Stage Makeup and Hair
If appearing on stage and speaking public is among the top ten things that scare you, imagine what public speaking on a stage with bad makeup can do for your self esteem. While a makeup artist cannot help with stage fright, he or she can help with the bad makeup; even offer some suggestions for hair.
Applying Stage Makeup like a Professional
You need to know your products and tools. The wrong product and tool can spoil a production. Foundation can make the face look flat and expressionless if not chosen correctly. The wrong lip color can draw attention to the lips and take away from stage presence. You do not want a faceless presence. Opposite of appearing expressionless is appearing overly exaggerated. Using the wrong tools can make lines seem clown-like or even sloppy and smeared. Makeup is unrealistic and fake looking. A balance of visual and reality is needed for success. Keep in mind that those sitting in the back of the auditorium will need to see facial features and expressions just like those sitting up front. I like to use panstick foundation in a shade or two darker than normally used for its coverage and visibility, loose translucent powder to set the makeup, eye shadow with a high pigment, lipstick in a color that complements the skin tone, eyeliner and mascara in black or dark brown, concealer, and highlighter. You may want to have false eye lashes on hand to add emphasis to the eyes. When working with these products, it is best to have the following tools available for application: sponge for foundation, velour powder puff, natural hair shadow brushes, a lip brush, and a mascara wand and curler.
Tips for Application of Stage Makeup
1. I always begin stage makeup fashion with a clean face. Makeup will last longer and application easier if the face is free from dirt and oils. I also recommend a toner to add balance to the skin's ph.

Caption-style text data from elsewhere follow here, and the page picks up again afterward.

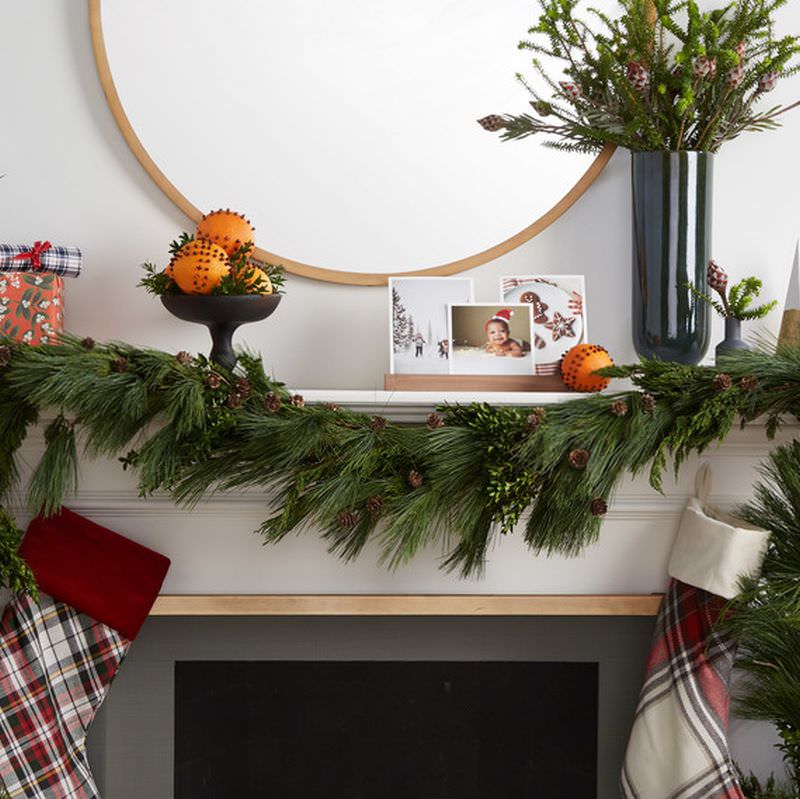 greens paired with traditional Christmas decorations on Fireplace Mantel 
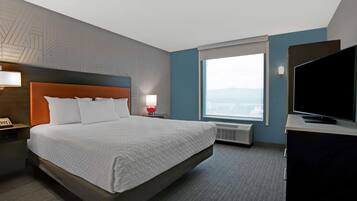 A hotel room with a large bed, a flat-screen TV, a window with a city view, and a wall-mounted heater.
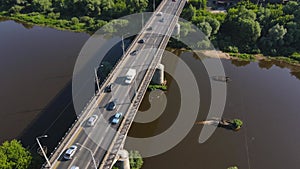 Road bridge with moving cars in sunlight, aerial view.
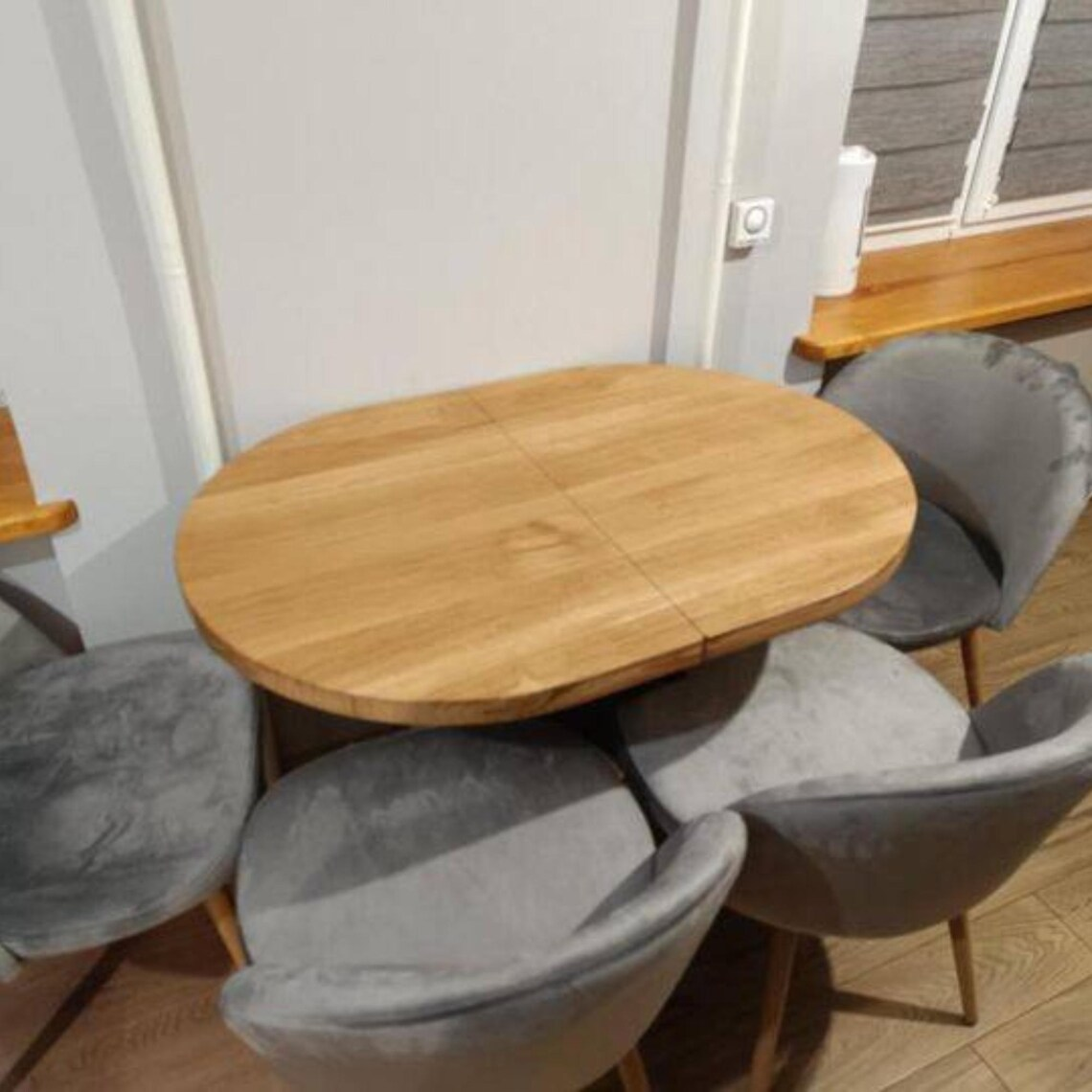 An oval wooden dining table with a light oak finish, surrounded by four gray velvet upholstered chairs with wooden legs, set in a home interior.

2. Once the face is clean, now is the time to apply the eyelashes. The lashes will adhere better without moisturizer.
3. Apply moisturizer. Lights and heavy makeup can have a drying effect. Moisturizer will help nourish the skin.
4. Know your lighting, best features, and face shape. This will come in handy when applying concealer and corrector. Apply concealer in a shade lighter to hide dark circles under the eyes. Blend well so the lines are not visible. Apply corrector to correct the face shape. I will apply the corrector just under the cheekbone to give depth to a face. Once again, you must know the face shape and blend well or the lines will appear as streaks on stage.
5. Using a panstick foundation will give good coverage. It is simple to use with a sponge and can be blended easily. If you find the foundation too heavy, dampen the sponge to ease coverage. Apply a generous amount of translucent powder, concentrated under the eyes. This will help clean up loose shadow, as well as set the makeup and avoid shine.
6. Rouge should be applied in a shade that complements your skin tone. It also needs to be seen in the audience so that the face does not appear flat.
7. Apply the eye makeup fashion, keeping in mind that the audience will be seeing at different distances. Lines should be neat and blended. Too much black liner on both top and bottom can sometimes appear harsh. If using a prominent, thick line on the top, go lighter lining the bottom, even try using brown on the bottom and black on the top. Curl the lashes to further open the eyes. Apply mascara one coat at a time, dry and apply a second coat to add thickness and length.
8. Remove any loose powder. Clean up areas that appear sloppy.
9. Apply lip color using a brush for neatness. If using a liner, choose one that matches the lipstick so the lips remain clean and neat. A severe line can add focus where you don't want the focus. Gloss will add dimension, but be careful not to overload.
Stage hair needs to complement the makeup fashion and visa-versa. It is best to communicate with a stylist to get a hair style that best fits the stage event. If the stage event is of a particular period of time, it is extremely important to get the hair perfect for that period. The character or situation needs to be realistic whether the situation is ballet, talent, professional, pageant, or performance. Once again, if the hair is too dramatic, or competes with the makeup, it will distract from the stage show. When in doubt, keep the hair simple and away from the face. This will be one less distraction.
Stage fright will come and go. The job of a makeup artist will live on forever. Do your job, and enjoy the show.